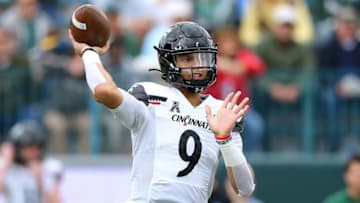 NEW ORLEANS, LOUISIANA - OCTOBER 30: Desmond Ridder #9 of the Cincinnati Bearcats throws the ball during the first half against the Tulane Green Wave at Yulman Stadium on October 30, 2021 in New Orleans, Louisiana. (Photo by Jonathan Bachman/Getty Images)
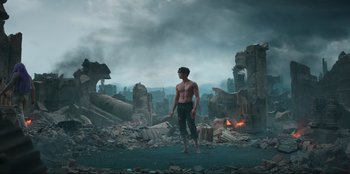 Movie still from “Knights of the Zodiac” (2023), directed by Tomasz Baginski – A shirtless man standing in the middle of a destroyed city; Wide shot, Low angle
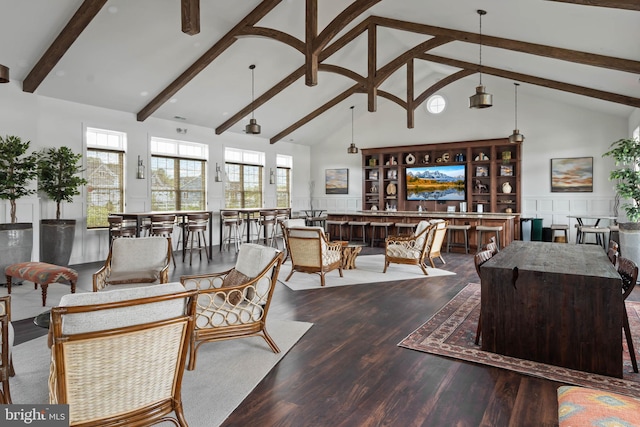 living room featuring a healthy amount of sunlight, hardwood / wood-style flooring, beam ceiling, and high vaulted ceiling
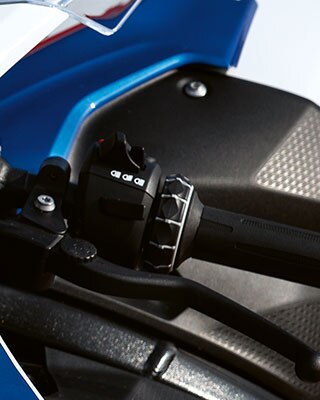 Viacúčelový ovládač na riadidlách BMW RR
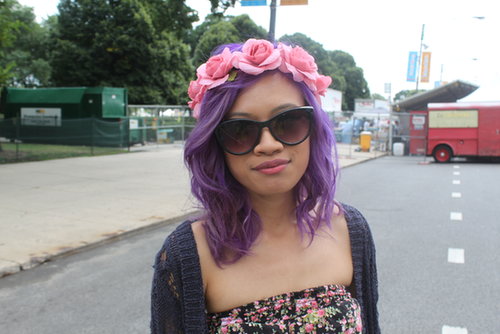 Purple hair and a crown of pink roses made Jennie the poster child for all things festival beauty.
Purple hair and a crown of pink roses made Jennie the poster child for all things festival beauty.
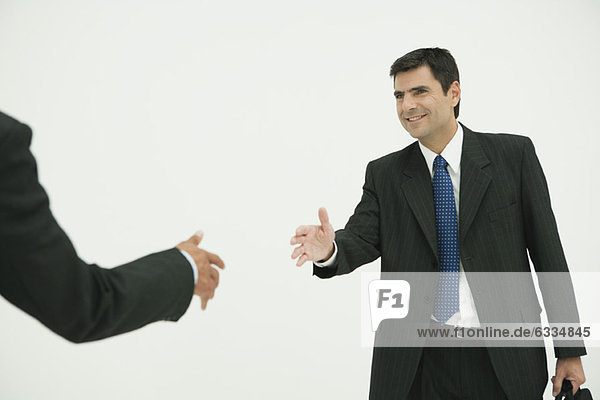 Businessman preparing to shake hands with colleague  cropped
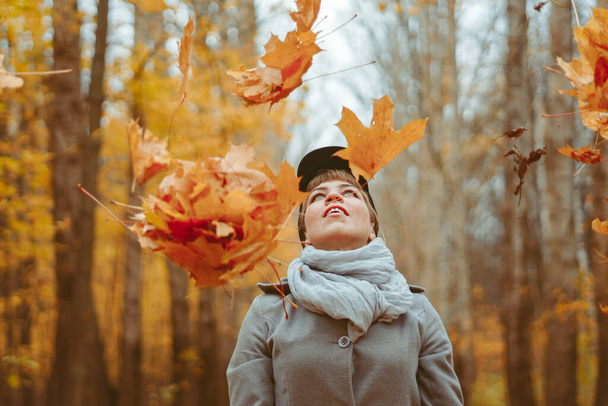Mooie jonge vrouw zit in de herfst bos in gele blouse met esdoorn bladeren en geniet van het leven. Vrijheid. - Foto, afbeelding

Action item: Copy out exactly the lines that run from the line containing "Businessman preparing to" through the last line of the material, and nothing more; omit the pictures.

Exercise output:
 Businessman preparing to shake hands with colleague  cropped
Mooie jonge vrouw zit in de herfst bos in gele blouse met esdoorn bladeren en geniet van het leven. Vrijheid. - Foto, afbeelding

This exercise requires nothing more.